Порой я являюсь собирателем сведений, и только таковым, и, вероятно, выгляжу пошлым и скаредным, собирая стопки заметок и получая удовольствие от чисто количественного увеличения моих историй. А иногда бывает и так, что я радуюсь, когда неожиданно для себя натыкаюсь на какую-нибудь отвратительную историю, которая, может быть, вовсе и не выдумка, и тому, что этот жуткий эпизод, может быть, сведет с ума читателя моих более или менее благопристойных работ. Но всегда присутствует необъяснимое ощущение взаимосвязи событий, которые я отмечаю, и именно это смутное, навязчивое, зачастую высокомерное понимание или подозрение заставляет меня накапливать, накапливать, накапливать…
Или, испытывая ощущение наличия взаимосвязи у, казалось бы, самых несвязанных между собой происшествий, которые тем не менее можно объединить общей темой, я похож на первобытного земледельца, убежденного, что зебру и корову можно впрячь в одну упряжку и заставить тянуть плуг…
А разве нет ничего общего у зебр и коров?
У страусов и гиен?
Развивая далее эту грандиозную идефикс, земледелец ищет в джунглях тварей, совершенно непригодных для того, чтобы тащить его плуг, и прежняя дикая какофония стука копыт и шлепанья лап становится ритмичной поступью. И вот животные уже идут к нему, выстроившись попарно…

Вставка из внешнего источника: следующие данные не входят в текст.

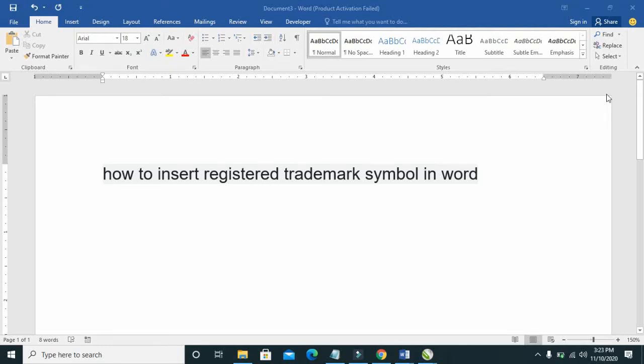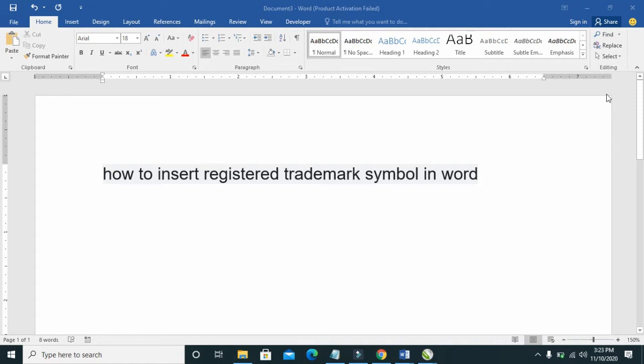Good day everyone, welcome to Webertech YouTube channel. In this video today I will show you how to insert registered trademark symbol in Word document. I will show you three different methods to do this.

Или взять Джона Даути, который становится вровень с тремя мертвецами из Гарлемского парка, притянутыми к моей теме, за которым следуют сорок пять школьниц из Дерби и горничная торговца рыбой, с губками и турецкими полотенцами в руках, а за нею объятые пламенем кровати, весьма вероятно как-то с нею связанные, но таким образом, что ни один стандартно мыслящий человек не может этого объяснить…
Или пожары домов в Англии в 1926 году.
А менее всего я усматриваю взаимосвязь между следующими двумя эпизодами:
В лондонском Гайд-парке какой-то оратор кричит: «Мы не хотим никакого короля и никаких законов! Мы этого добьемся не избирательными бюллетенями, а штыками и пулями!»
А в Глостершире дом, построенный в эпоху Елизаветы, по непонятным причинам охватывает пламя.
«Доброе утро! — сказал пес и исчез в прозрачном зеленоватом тумане».
Я сделал эту запись на основании сообщений из авторитетных газетных источников.
Об этом нельзя говорить (значит, об этом будет сказано), но я питаю удивительное доверие к газетным байкам.
Однако вполне очевидно, что в этой книге я все преподношу как беллетристику. Точнее говоря, таким образом, словно это беллетристика. Но эта книга и есть беллетристика в том смысле, в котором ею являются «Посмертные записки Пиквикского клуба», «Приключения Шерлока Холмса», «Хижина дяди Тома», «Начала» Ньютона, «Происхождение видов» Дарвина, Книга Бытия, «Путешествия Гулливера», а также математические теоремы и вся история Соединенных Штатов и других стран. Библиотечный миф, который раздражает меня более всего, — классификация книг по принципу «художественная» литература и «нехудожественная».